Die Kraft der Ecke

40 Bauwerke hat Heinz Emingholz für „Schindlers Häuser“ (Forum) abgefilmt. Gelungen ist dabei weit mehr als ein bewegtes Coffee-Table-Book

Das nennt man wohl Dialektik. Mit Bruce Goff hatte der Filmemacher Heinz Emigholz vor vier Jahren einen vergessenen US-Architekten porträtiert, weil er quer zur europäischen Moderne stand. Und nun folgt „Schindlers Häuser“: ein Reigen aus 40 Bauwerken, die der von Wien nach Amerika emigrierte Adolf-Loos-Schüler Rudolph M. Schindler zwischen 1921 und 1952 fertig stellte, vor allem Einfamilienhäuser im Großraum Los Angeles. In vielen Dingen ist Schindler, der jegliche Materialien von Glas bis Stahl allein als bauliche Hilfsmittel ohne ästhetischen Eigenwert verstand, ein Gegenentwurf zu dem offen ornamentverliebten Goff. Aber dann gibt es doch Gemeinsamkeiten: Beide lehnten die Standardisierungen des Bauhaus ab, deshalb sind sie Emigholz gleichermaßen sympathisch.

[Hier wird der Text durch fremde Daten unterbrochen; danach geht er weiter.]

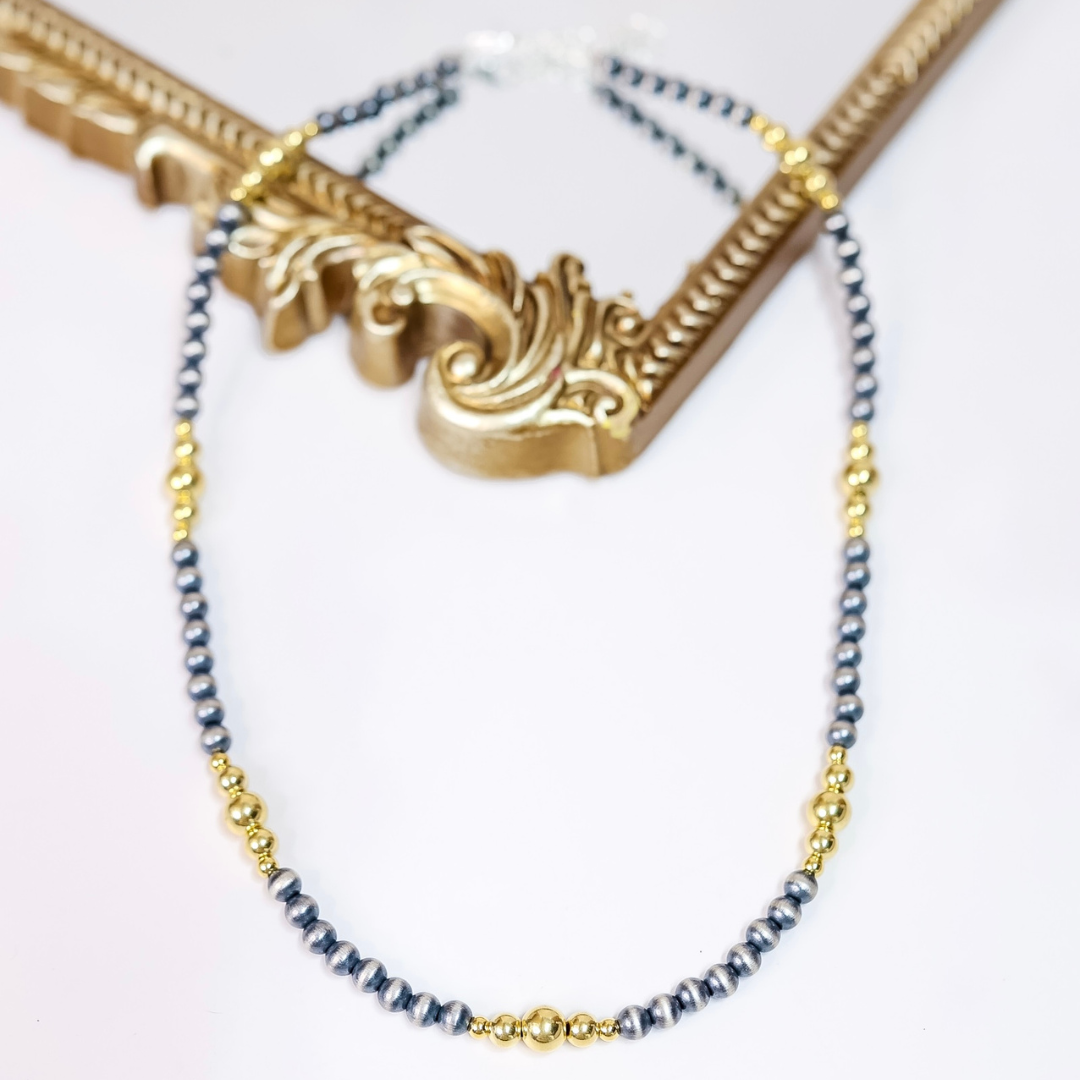 Hand-strung Navajo pearl and 14K gold-plated bead necklace with 6mm silver pearls and mixed gold accents, 20 inches long with adjustable 2-inch extender.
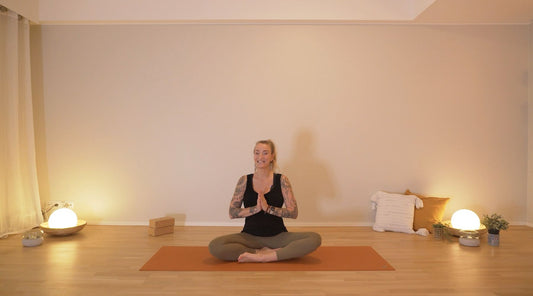A yoga teacher sits cross-legged on a yoga mat in a serene room, hands in prayer position, surrounded by soft lighting and decor.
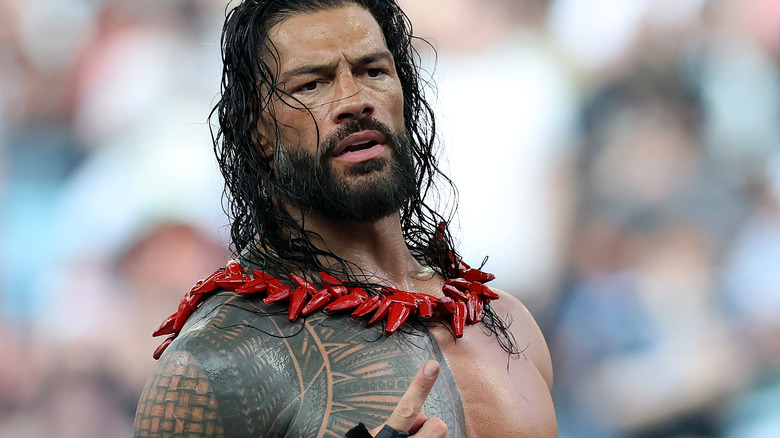 Roman Reigns points up during a match at SummerSlam.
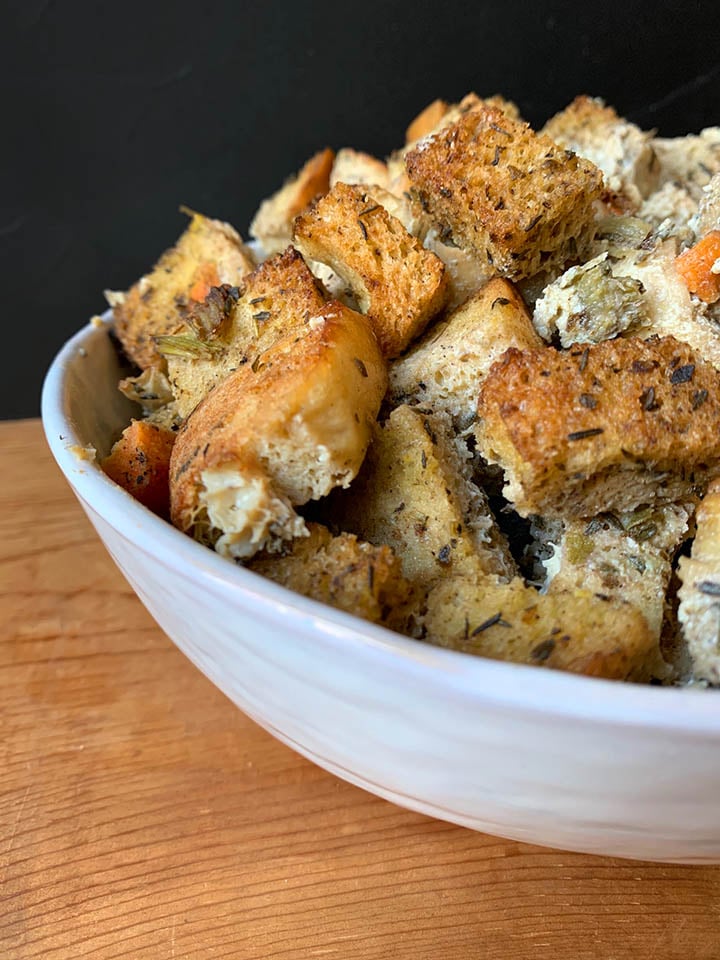 a side view of a white bowl holding Keto Thanksgiving Stuffing against a black background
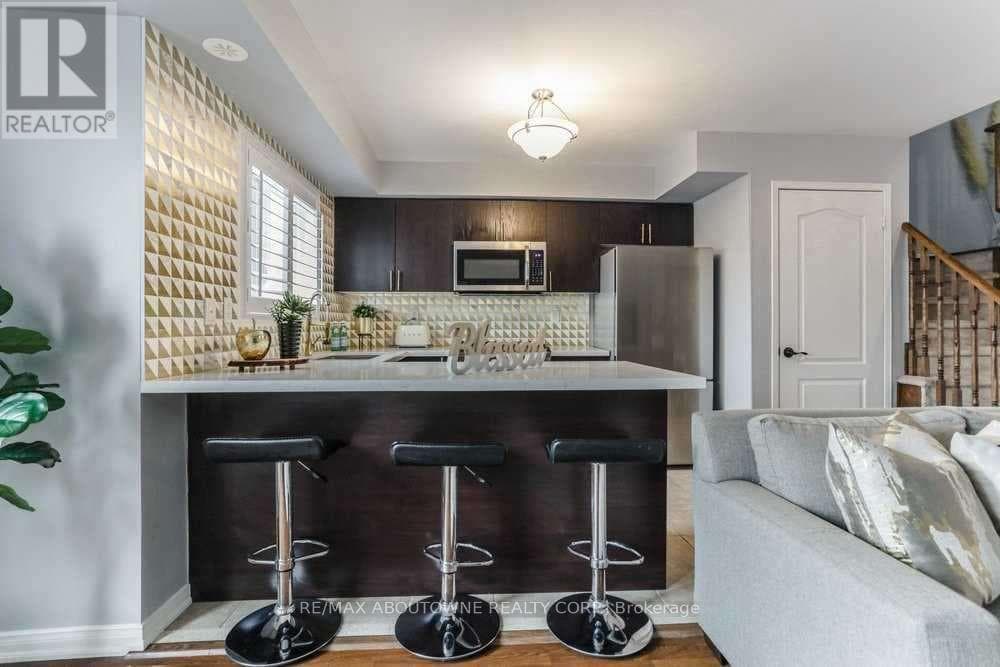 Single Family at 10- 2579 Sixth Line, Oakville (RO River Oaks), Ontario - Photo 7 - RE/MAX Garden City Realty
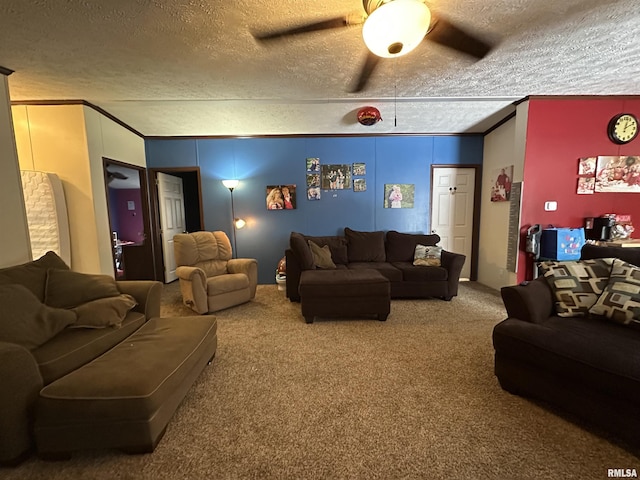 living room with ceiling fan, crown molding, a textured ceiling, and carpet flooring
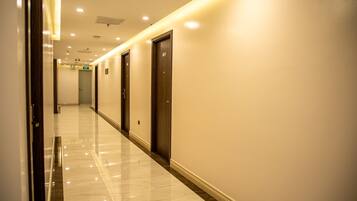 A hotel corridor with a polished marble floor, wooden doors, and recessed lighting.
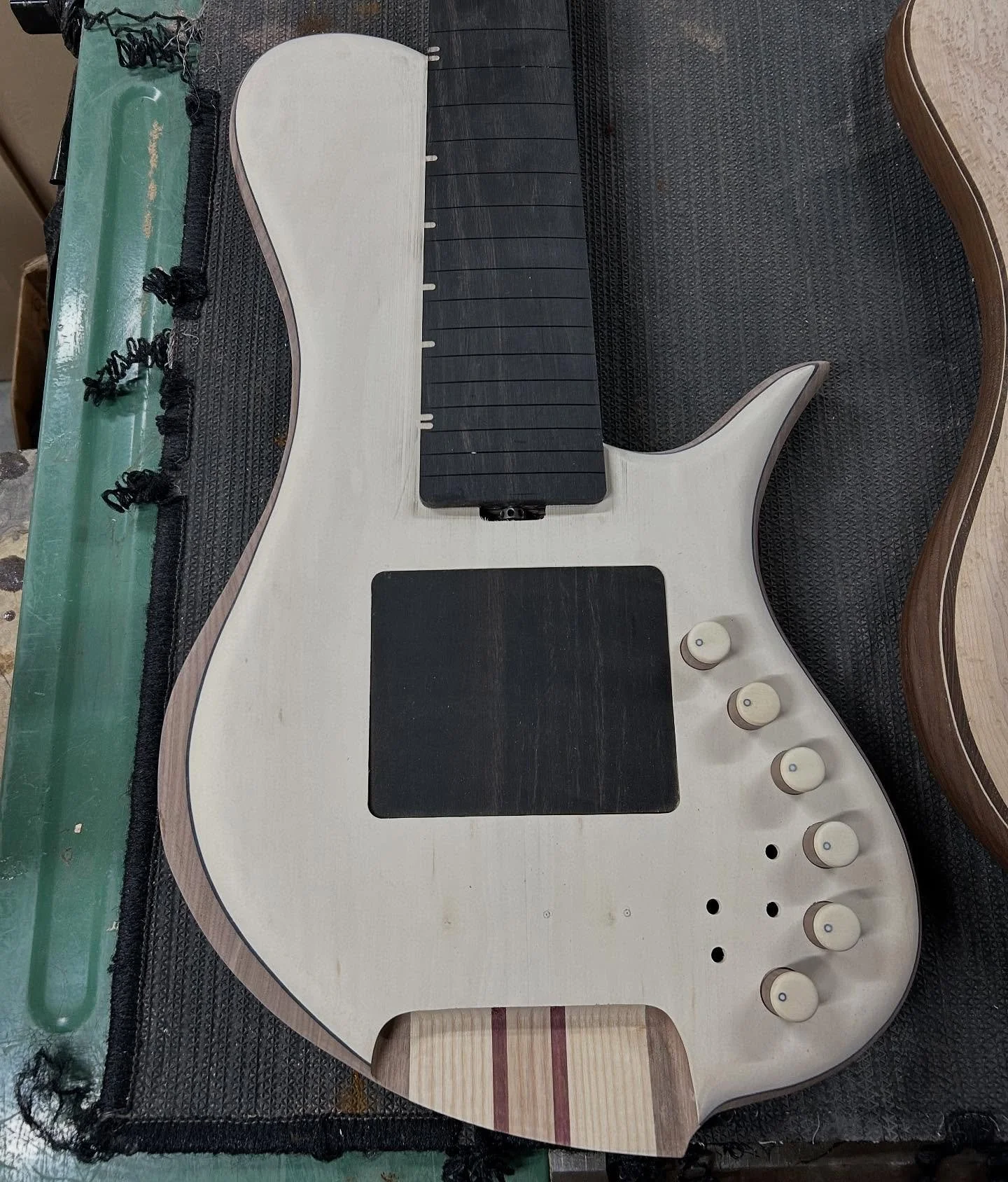 Finish sanding a couple of Bustards for @bassnsoulgear and @mike_vallis_bass 

32&rdquo; scale headless 6-string - Holly top, Blqck Walnut wings, Ash and Purpleheart neck, Ebony fretboard neck-through-body, MJS dual-coils with Flexcore 4-band

33&rdq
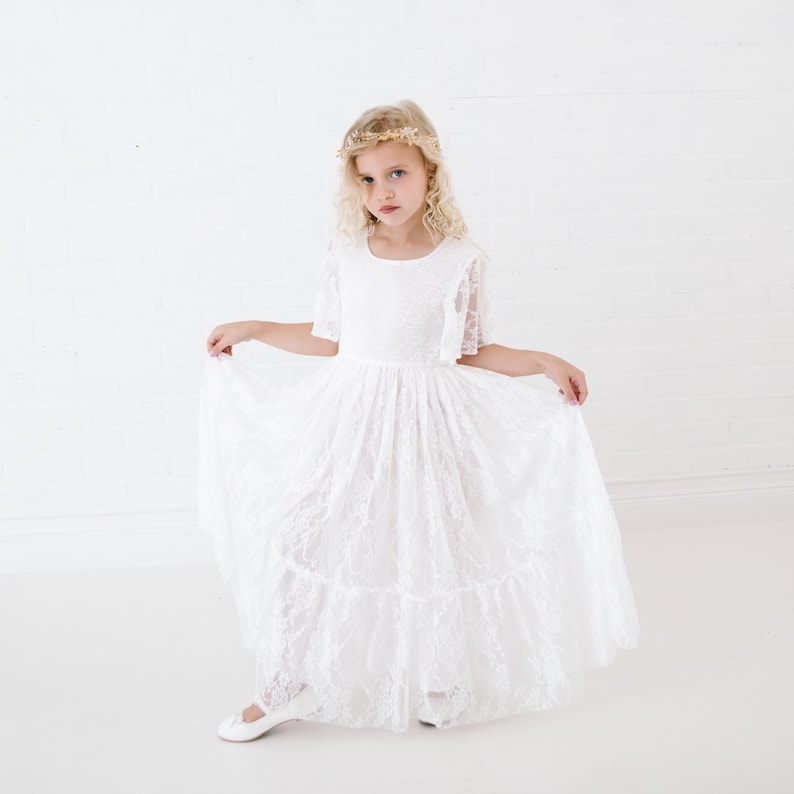 May include: A young girl wearing a white lace dress with a ruffled skirt and a gold leaf crown. She is standing on a white background.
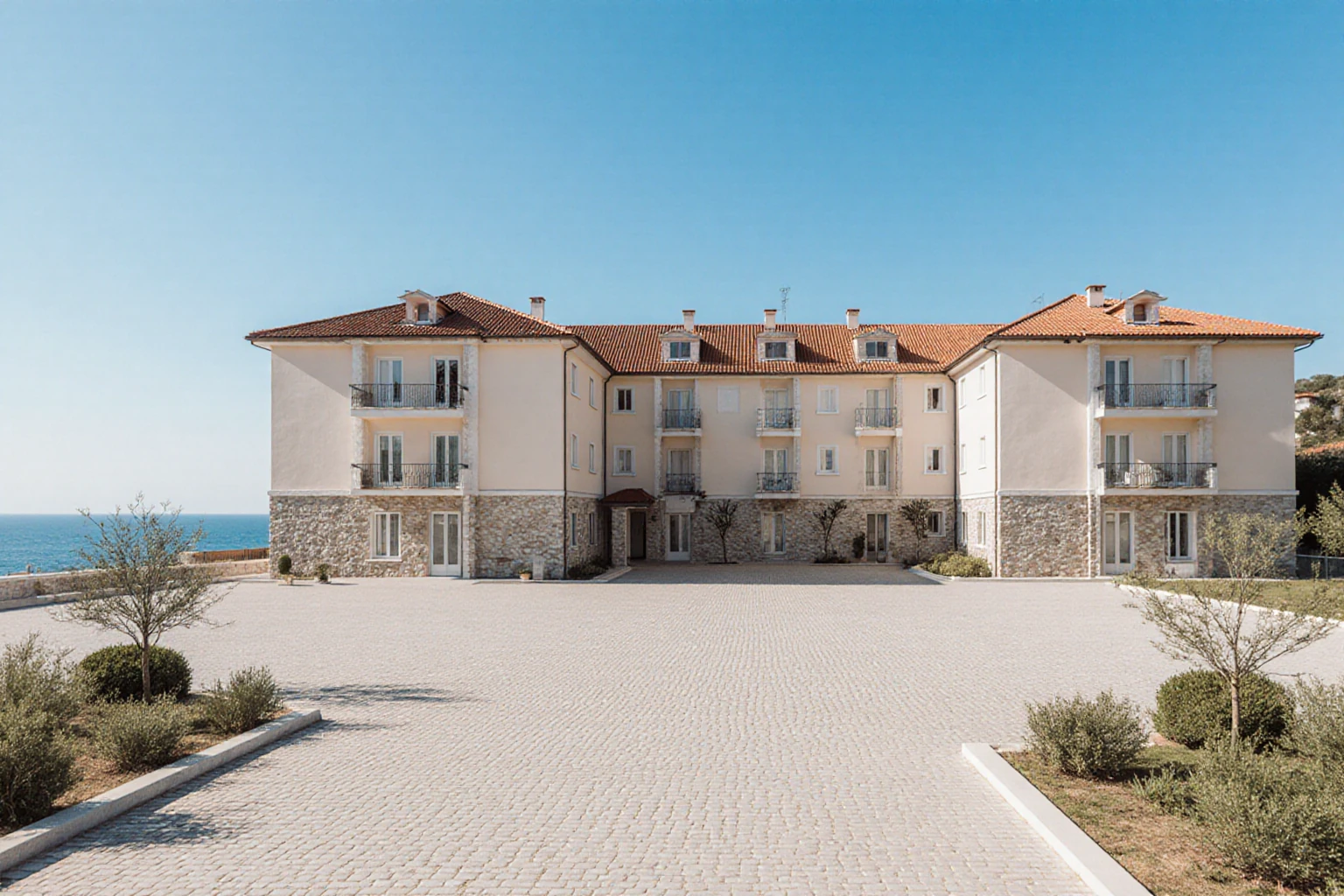 Pale multi-storey buildings with tiled roofs around a coastal courtyard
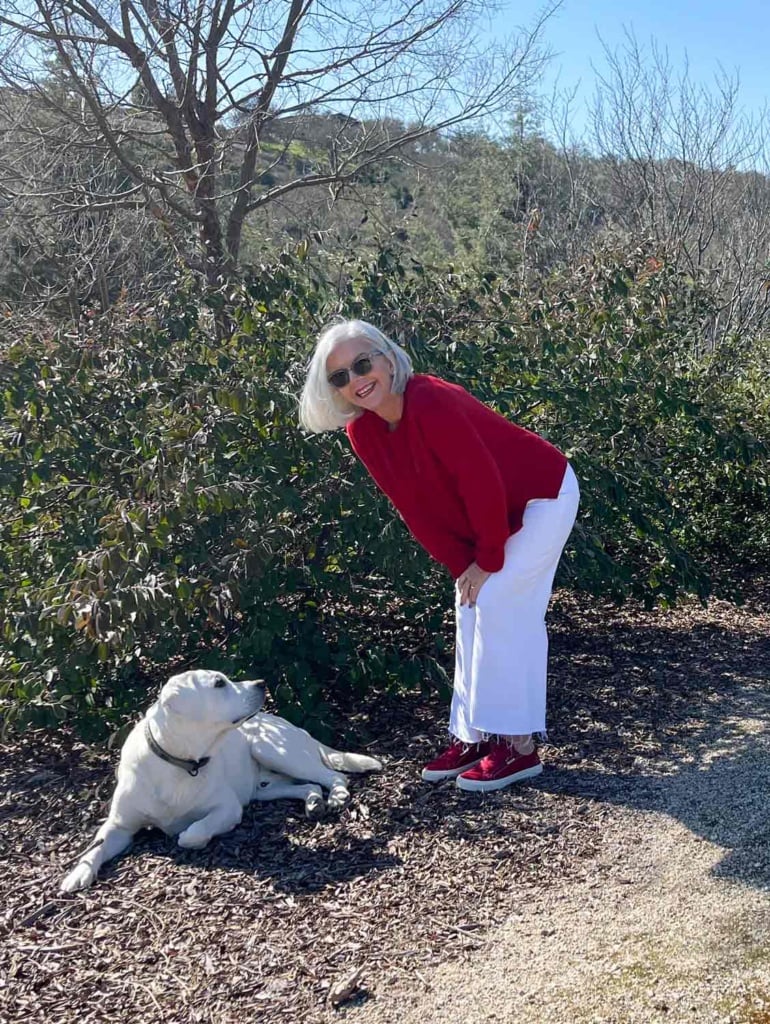 cindy hattersley and her pup in red cashmere and white jeans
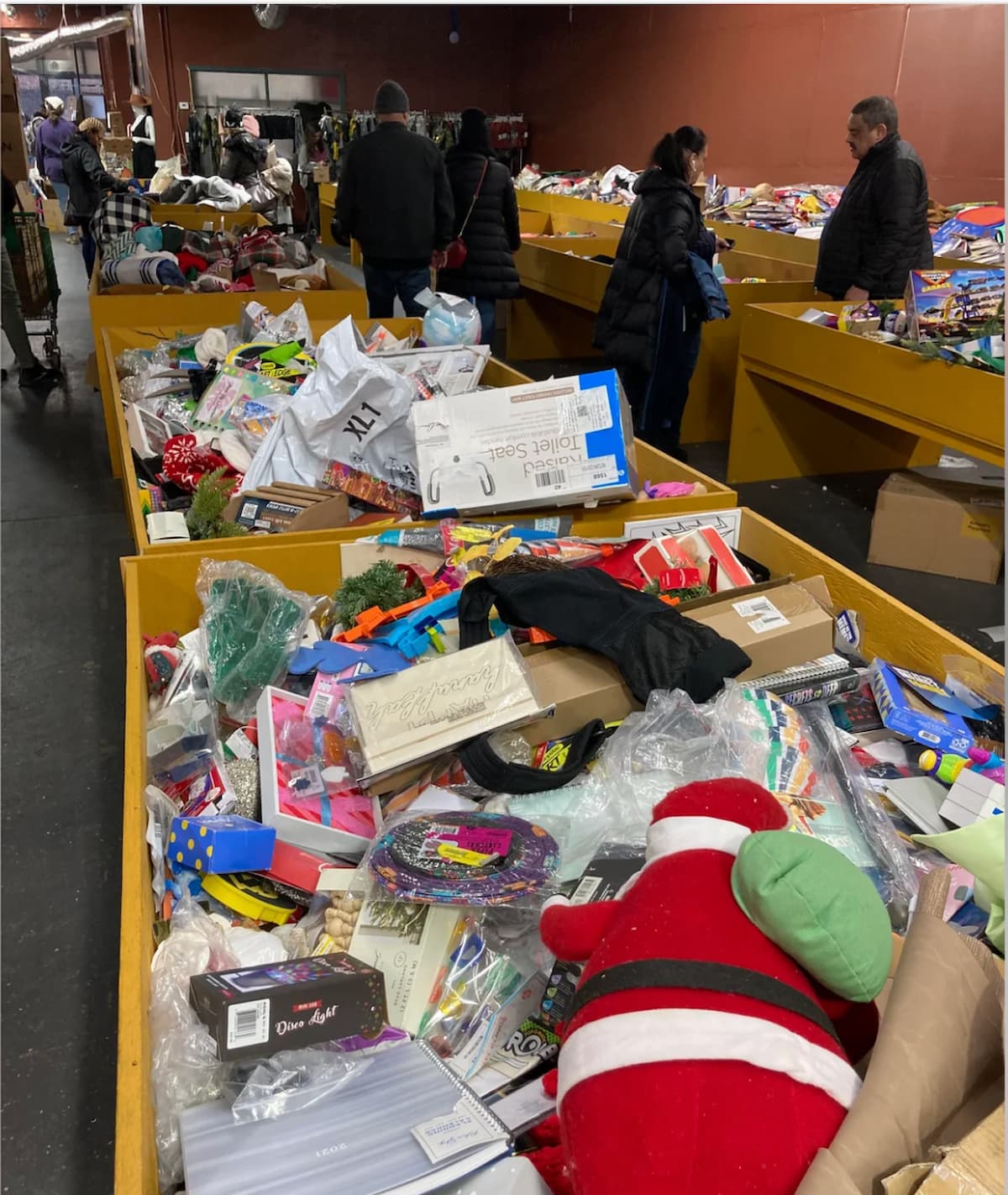 Shoppers browse large yellow bins filled with assorted toys, games, and miscellaneous items in a warehouse-style discount store. The background shows several people examining the goods.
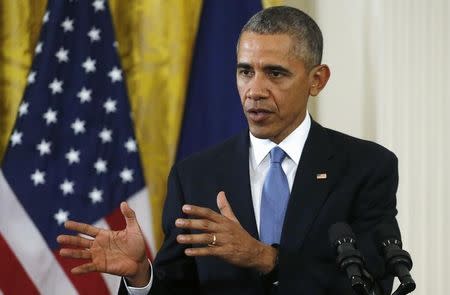 U.S. President Barack Obama addresses a joint news conference with French President Francois Hollande in the East Room of the White House in Washington November 24, 2015. REUTERS/Carlos Barria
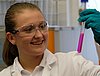 A young woman in protective gear observing a purple liquid in a glass tube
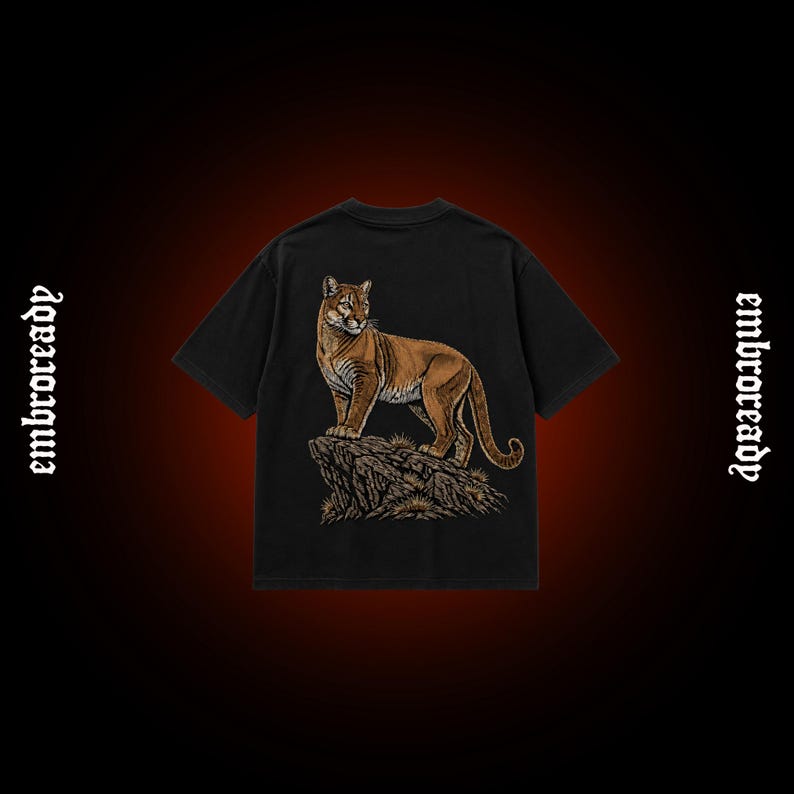 Pode incluir: Uma t-shirt preta de manga curta com um gr&aacute;fico detalhado de um puma castanho em cima de uma forma&ccedil;&atilde;o rochosa. A palavra "embroready" est&aacute; impressa numa fonte de estilo g&oacute;tico nos lados esquerdo e direito do design da t-shirt.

Wie die Vorgängerfilme „Sullivans Banken“ (2001) oder „Goff in der Wüste“ (2003) läuft Emigholz’ Auseinandersetzung mit Schindler unter dem Stichwort „Architektur als Autobiografie“. Mit kurzen Kameraeinstellungen werden die Häuser ihrer Entstehung nach chronologisch abgewandert, von schnell geschnittenen Außenaufnahmen hinein ins Wohnzimmer, an innenarchitektonischen Details entlang und wieder hinaus, in den Garten oder auf die Straßen von Hollywood. Denn die meisten der Schindler-Häuser liegen in wohlhabenden Gegenden, während sie damals quasi noch in kalifornisches Ödland gebaut wurden.

Dieser demografische Wandel macht Schindlers Häuser in ihrem urbanen Umfeld für Emigholz interessant, zumal er Architektur als „anonyme Autorschaft der Gesellschaft“ versteht, wie eine Off-Stimme zu Beginn des Films erklärt. Danach ist man allerdings mit den Villen allein, nur ab und zu rauscht der nahe Pazifik oder Vögel zwitschern aufgeregt in einer Palme.

Dass der Film kein bewegtes Coffee-Table-Book ist, liegt an der Montage. Verblüffend hart werden Perspektiven gekontert, schlägt eine als Festung erscheinende Mauer in das Bild erlesen eingerichteter Interieurs um. Dann wieder fängt Emigholz den Zauber der Eleganz ein, der eben auch von Schindlers Entwürfen ausgeht, wenn er die Fülle an räumlichen Fluchtpunkten noch innerhalb des kleinsten Zimmers aufzeigt. Das Auge wandert von einem Ausguck aufs Meer an einem Paravent vorbei und wird durch eine offene Tür auf die Terrasse entlassen. Besser kann man nicht in Bilder fassen, wie Schindlers Konzept für das Ineinanderwirken von innen und außen aussah.

Doch als Gast achtet man ohnehin eher auf dekorative Lampen als auf die ungewöhnlich abgestufte Deckenhöhe. Und sucht neugierig nach den Besitzern, die heute in den oft über 70 Jahre alten Häusern wohnen. Sie fehlen, wie schon in den früheren Arbeiten von Emigholz. Es bleibt bei Mutmaßungen: Für Manager stehen zu viele Bücher in den Regalen, für Filmstars sind die Gemälde an den Wänden zu geschmackvoll. Es müssen wohl Psychiater sein. HARALD FRICKE

„Schindlers Häuser“. R.: Heinz Emigholz. Österreich, 2006. 99 Min.; 13. 2., 16.30 Uhr, Delphi; 14. 2., 14.45 Uhr, Cinestar; 16. 2., 20 Uhr, Colosseum; 17. 2., 10.30 Uhr, Arsenal.